WASHINGTON (AP) — The Treasury Department on Friday fleshed out a proposed rule that would restrict and monitor U.S. investments in China for artificial intelligence, computer chips and quantum computing.
The proposed rule stems from President Joe Biden’s August 2023 executive order regarding the access that “countries of concern” have to American dollars that fund advanced technologies, which the U.S. government says would enhance their military, intelligence, surveillance and cyber capabilities.
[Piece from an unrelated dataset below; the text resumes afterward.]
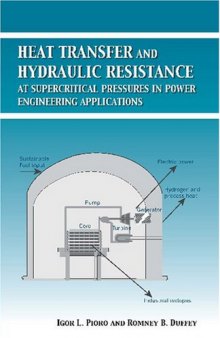 Heat transfer and hydraulic resistance at supercritical pressures in power engineering applications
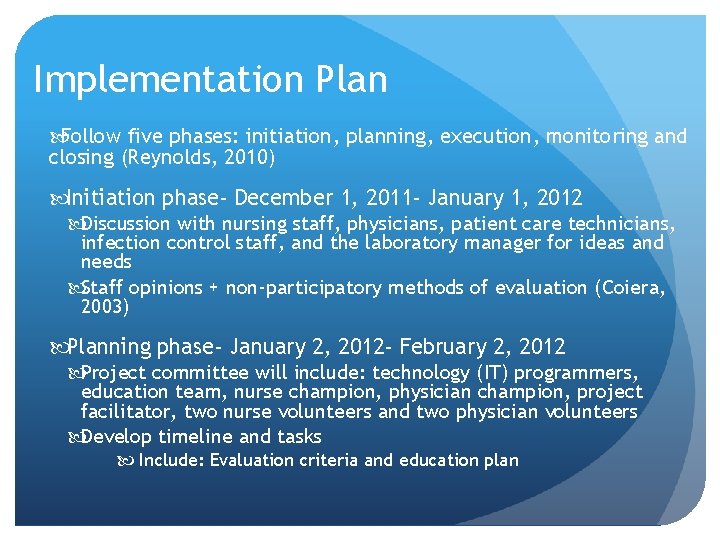 Implementation Plan Follow five phases: initiation, planning, execution, monitoring and closing (Reynolds, 2010) Initiation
The order identified China, Hong Kong and Macau as countries of concern.
The Biden administration has sought to stymie the development of technologies by China, the world’s second-largest economy, that could give it a military edge or enable it to dominate emerging sectors such as electric vehicles.
In addition to the proposed rule, Democrat Biden has also placed a stiff tariff on Chinese EVs, an issue with political implications as the president and Republican Donald Trump are both trying to show voters who can best stand up to China, a geopolitical rival and major trading partner.
The proposed rule outlines the required information that U.S. citizens and permanent residents must provide when engaging in transactions in this area, as well as what would be considered a violation of the restrictions.
It specifically would prohibit American investors from funding AI systems in China that could be used for weapons targeting, combat and location tracking, among other military applications, according to a senior Treasury official who previewed the rule for reporters on the condition of anonymity.
J. Philip Ludvigson, a partner at King & Spalding and a former Treasury official for Investment Security, said “companies and investors are now getting a much better look at what will be expected of them” under the new outbound investment program. “These added details are particularly important because the private sector will be shouldering the many due diligence and compliance burdens associated with making new investments,” he said.
Craig Allen, president of the U.S.-China Business Council, a nonprofit organization of American firms that do business in China, said his organization “supports the Biden administration’s efforts to protect U.S. national security while also ensuring robust commercial exchange with China for the benefit of American companies, workers and our economy.”
Treasury is seeking comment on the proposal through Aug. 4, 2024, and after that is expected to issue a final rule.
Biden administration officials, including Treasury Secretary Janet Yellen, have insisted that they have no interest in “decoupling” from China — however, tensions between the two nations have increased in recent years.
After the U.S. military in February 2023 shot down a suspected Chinese spy balloon off the Carolina coast after it traversed sensitive military sites across North America, China threatened repercussions.
Since then, incidents between the two nations based on national security concerns have regularly occurred.
For instance, Biden in May issued an order blocking a Chinese-backed cryptocurrency mining firm from owning land near a Wyoming nuclear missile base, calling its proximity to the base a “national security risk.”